■ WHAT THE TASK REQUIRES
Output all of the lines below exactly, and leave out each image.

LISTED ENTRIES section start

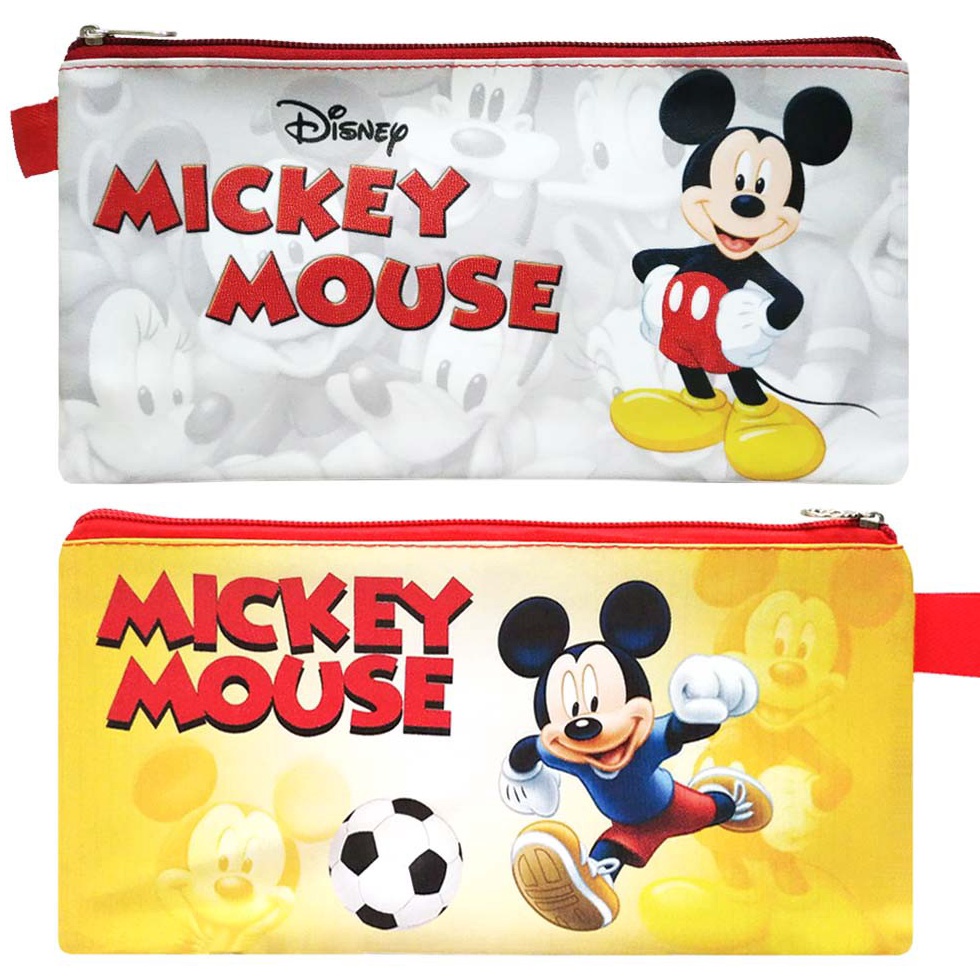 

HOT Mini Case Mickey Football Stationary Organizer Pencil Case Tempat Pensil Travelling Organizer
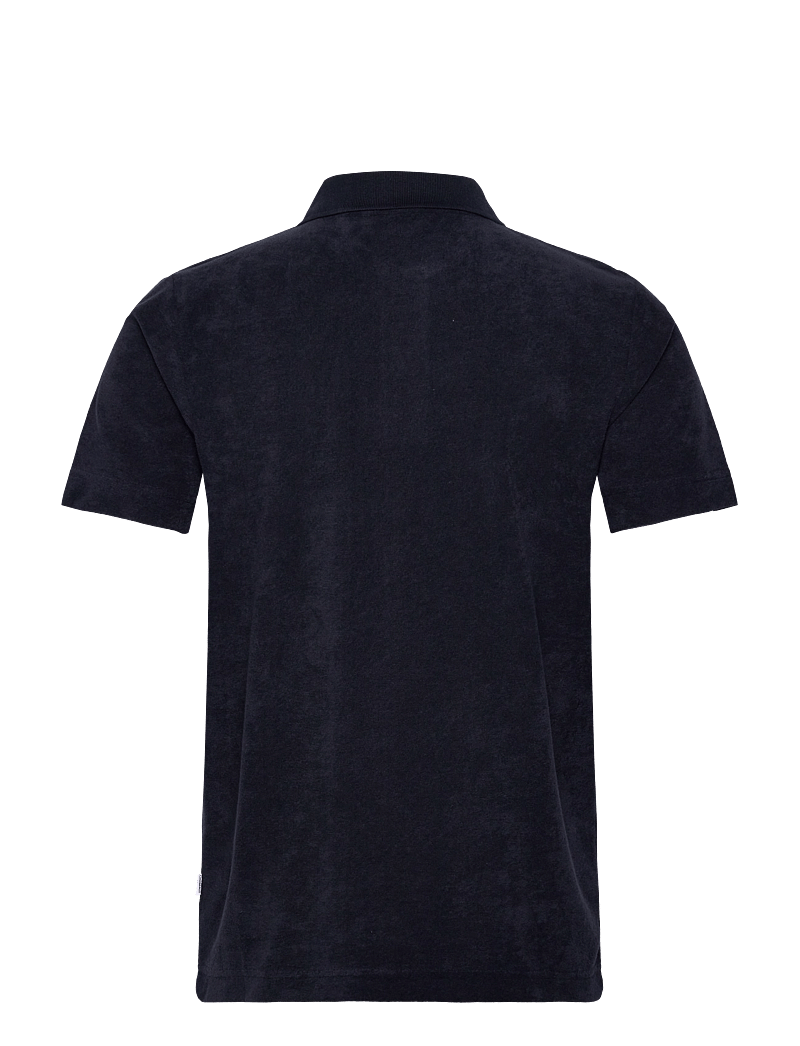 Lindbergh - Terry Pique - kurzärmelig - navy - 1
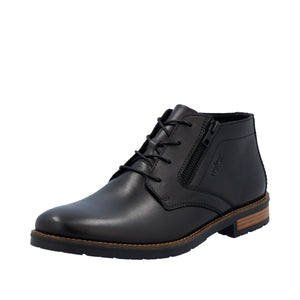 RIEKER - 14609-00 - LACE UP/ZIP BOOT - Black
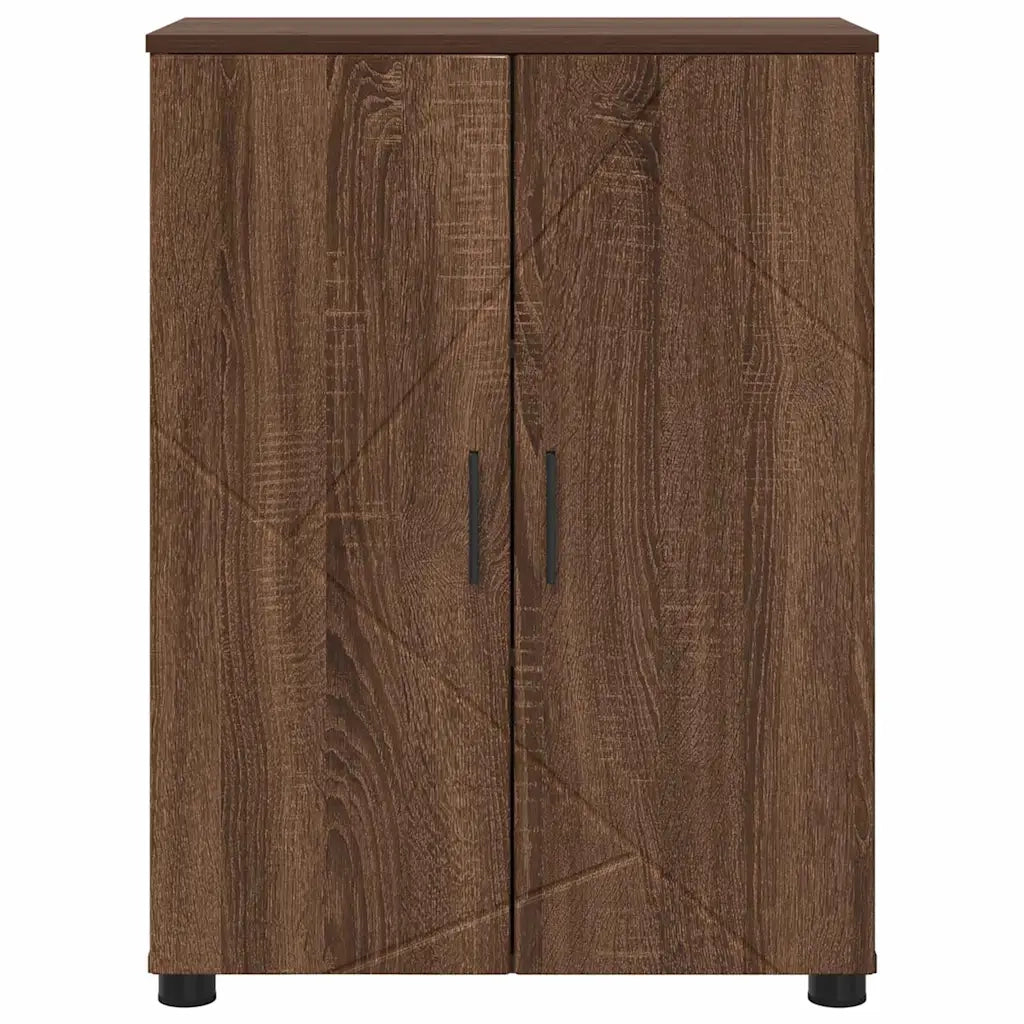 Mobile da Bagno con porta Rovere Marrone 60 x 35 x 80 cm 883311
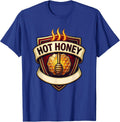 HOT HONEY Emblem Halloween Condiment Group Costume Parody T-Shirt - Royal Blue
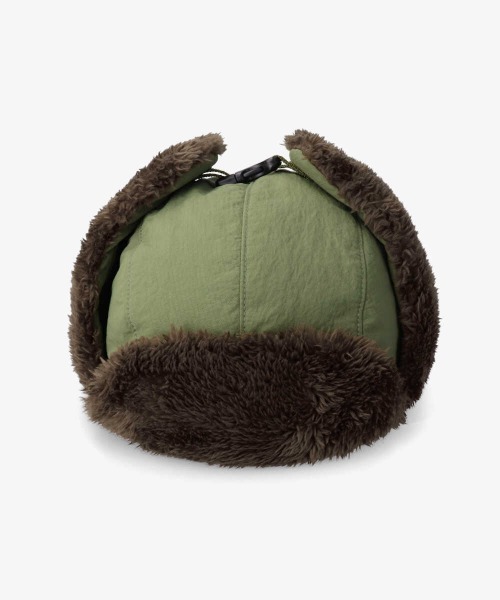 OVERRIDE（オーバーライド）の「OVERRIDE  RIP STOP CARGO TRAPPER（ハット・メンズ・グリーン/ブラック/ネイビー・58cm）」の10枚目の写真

LISTED ENTRIES section end

■ TASK RESULT
HOT Mini Case Mickey Football Stationary Organizer Pencil Case Tempat Pensil Travelling Organizer
 Lindbergh - Terry Pique - kurzärmelig - navy - 1
 RIEKER - 14609-00 - LACE UP/ZIP BOOT - Black
 Mobile da Bagno con porta Rovere Marrone 60 x 35 x 80 cm 883311
 HOT HONEY Emblem Halloween Condiment Group Costume Parody T-Shirt - Royal Blue
 OVERRIDE（オーバーライド）の「OVERRIDE  RIP STOP CARGO TRAPPER（ハット・メンズ・グリーン/ブラック/ネイビー・58cm）」の10枚目の写真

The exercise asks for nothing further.